A word-for-word copy of the lines below, starting at the line with "https://mehrnews.com/x34pBY" and ending at the last one, is what you should give. Omit every picture.

─── Information supplied

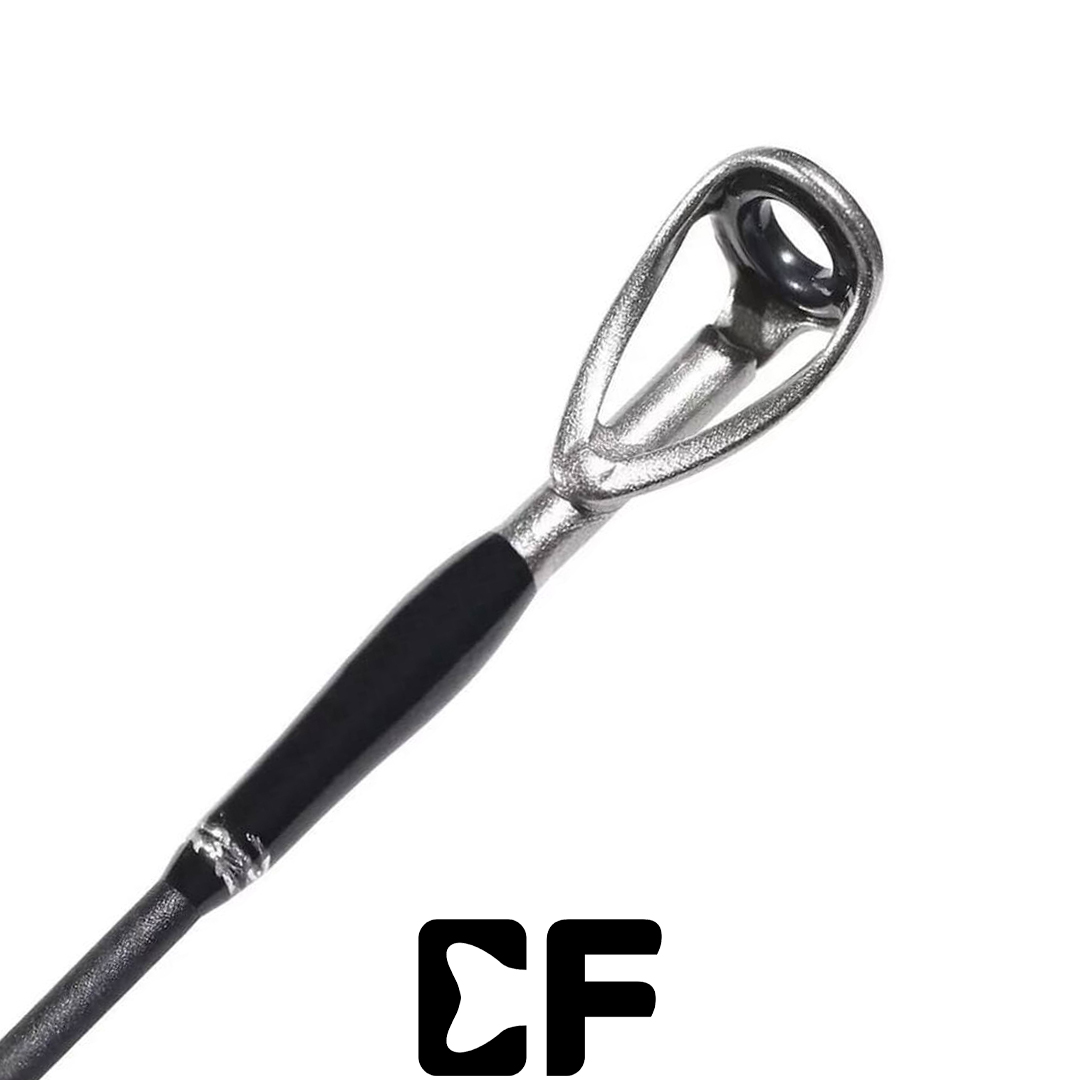 Спиннинг Crazy Fish Perfect JIG 11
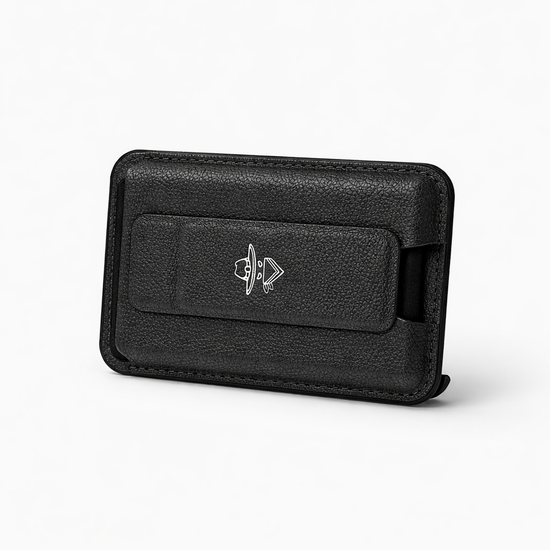 Maverick Cardholder 2.0 W Grip/Stand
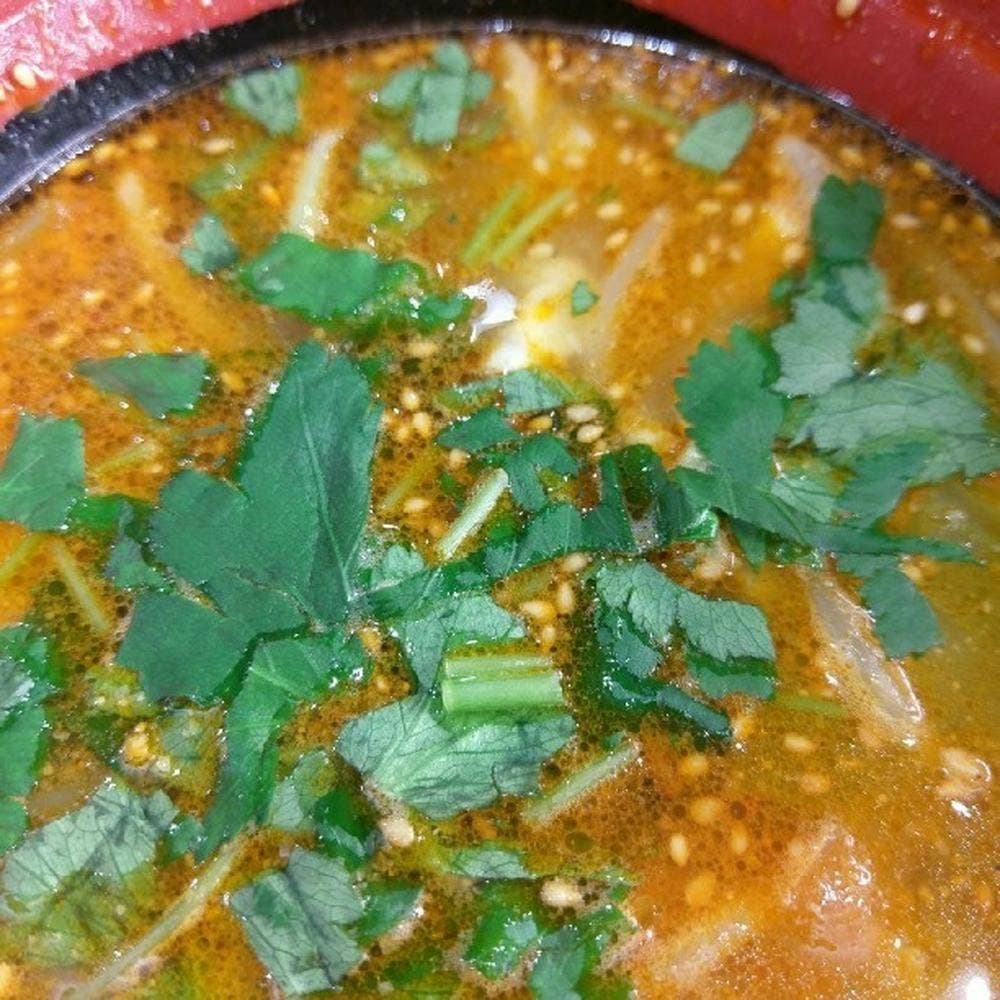 くら寿司 前橋小相木店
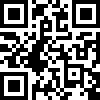 https://mehrnews.com/x34pBY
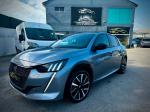 peugeot-208-2020-eletrico-0cc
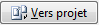 Pontsthermiques - compos1.png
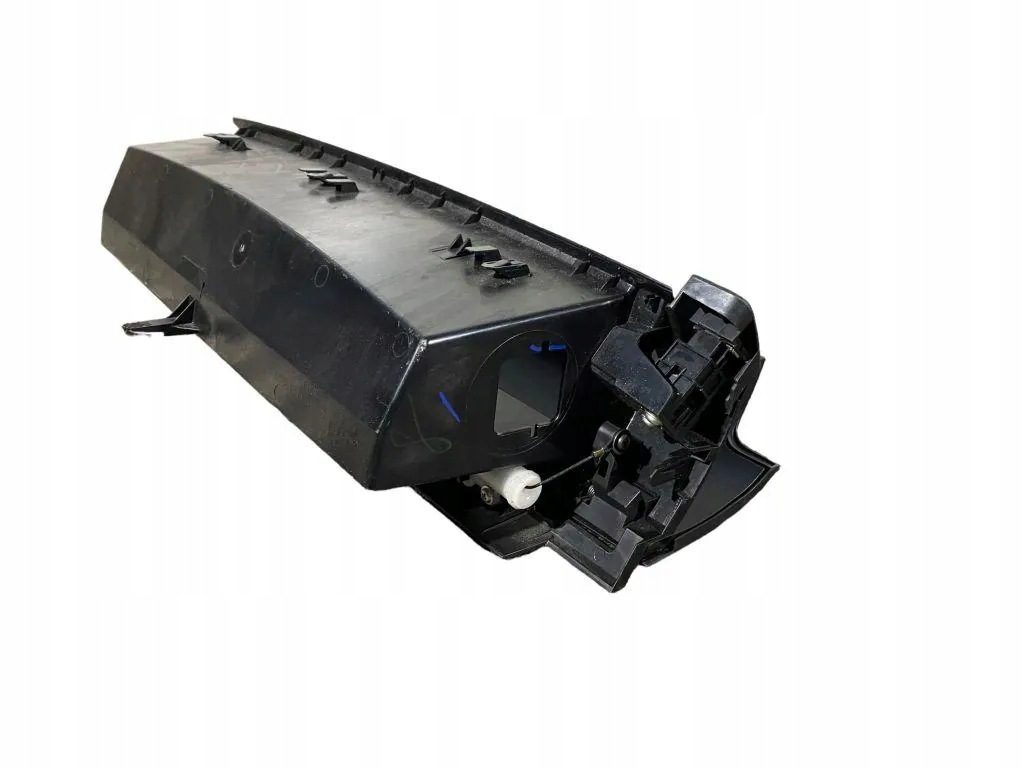 Guarda objetos superior Toyota Verso OEM 55437-0F020 image 5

──────

> Your solution:
 https://mehrnews.com/x34pBY
 peugeot-208-2020-eletrico-0cc
 Pontsthermiques - compos1.png
 Guarda objetos superior Toyota Verso OEM 55437-0F020 image 5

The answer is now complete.